According to an analysis jointly conducted by the Mayor’s Office of Immigrant Affairs, Department of Social Services, and the Mayor’s Office for Economic Opportunity, if enacted, the “public charge” proposal could harm up to 475,000 immigrant New Yorkers as well as hundreds of thousands additional New Yorkers, including U.S. citizen children.
Under previous federal administrations, an applicant for a green card or certain types of visas could be barred based on a determination that they are a “public charge” if deemed likely to rely primarily on cash assistance or long-term care from the government for survival. Under the Trump Administration, the U.S. Department of Homeland Security seeks to expand their discretion to deny applications based on an immigrant’s age, family size, income, and assets, as well as based on whether they have utilized certain cash or non-cash public benefits or programs they are legally entitled to use. By law, several categories of immigrants—including refugees and asylees—are not subject to the public charge test in their immigration applications.
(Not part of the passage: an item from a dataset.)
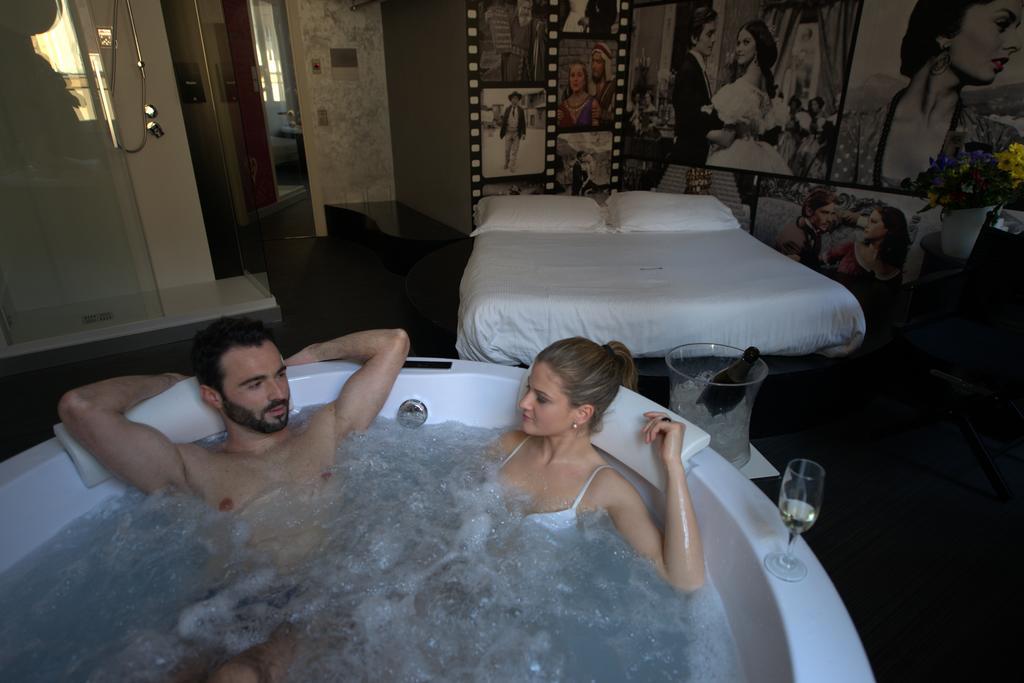 Irooms Jacuzzi Gæstehus Rom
“Due to the complexity of the rule, it is important that individuals who think that they could potentially be at risk of being a public charge consult with an advocate or attorney at a community based organization for assistance. The role of community based organizations during this time is more important than ever, to provide updated information to families so they understand if and how this proposed regulation could impact them. Individuals should continue accessing key public benefits for now since this is still a proposal and the rule has not gone into effect yet,” said Javier Valdes, Co-Executive Director at Make the Road New York.
Sustained Response Grants
To date, we have made 30 grants ranging from $10,000 to $25,000 to support ongoing legal consultations, coalition building and community organizing, mental and physical health services, political education, workforce development efforts, and community safety for immigrant communities across Brooklyn.
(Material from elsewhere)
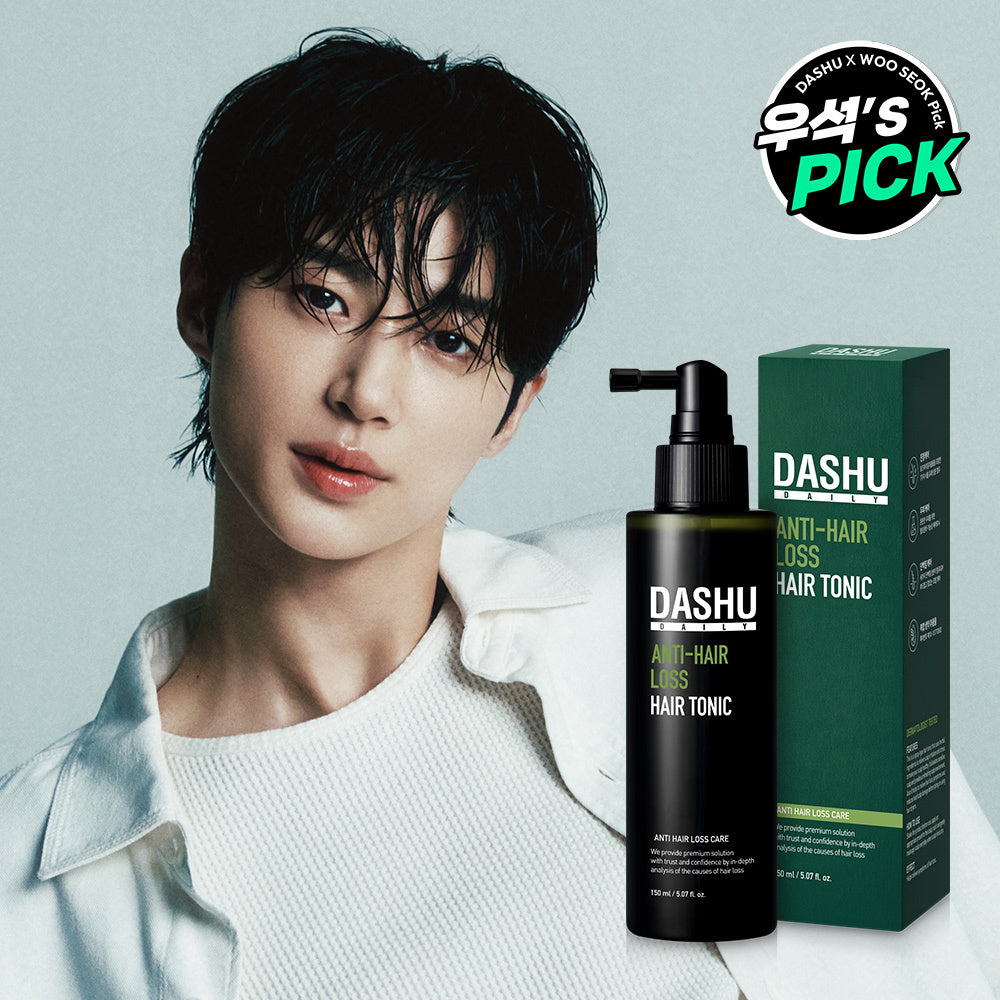 [DASHU] Dashu Anti-Hair Loss Herbal Hair Tonic 150ml (functional to help alleviate hair loss symptoms)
This fall, we are renewing our support for seven organizations:
- Atlas: DIY ($20,000) to support increased organizational capacity to meet the legal, social service, and advocacy needs of Brooklyn’s young undocumented immigrants.
- Brandworkers ($10,000) to support the transformative power and leadership of Brooklyn’s immigrant local food production industry workers.
- Center for Family Life in Sunset Park ($15,000) for the Sanctuary Families Project, which supports Sunset Park immigrant parents at risk of deportation and mobilizes local Brooklyn community member allies to create long-term guardianship and child care plans for immigrant children living in Brooklyn.
- Churches United for Fair Housing ($20,000) support legal services, trainings, and coordinated advocacy efforts for immigrant communities in partnership with CUFFH’s network of membership churches.
- Faith in New York ($15,000) to support Prophetic Leadership School that will train local leaders for grassroots campaigns to change policies around mass deportation and mass incarceration.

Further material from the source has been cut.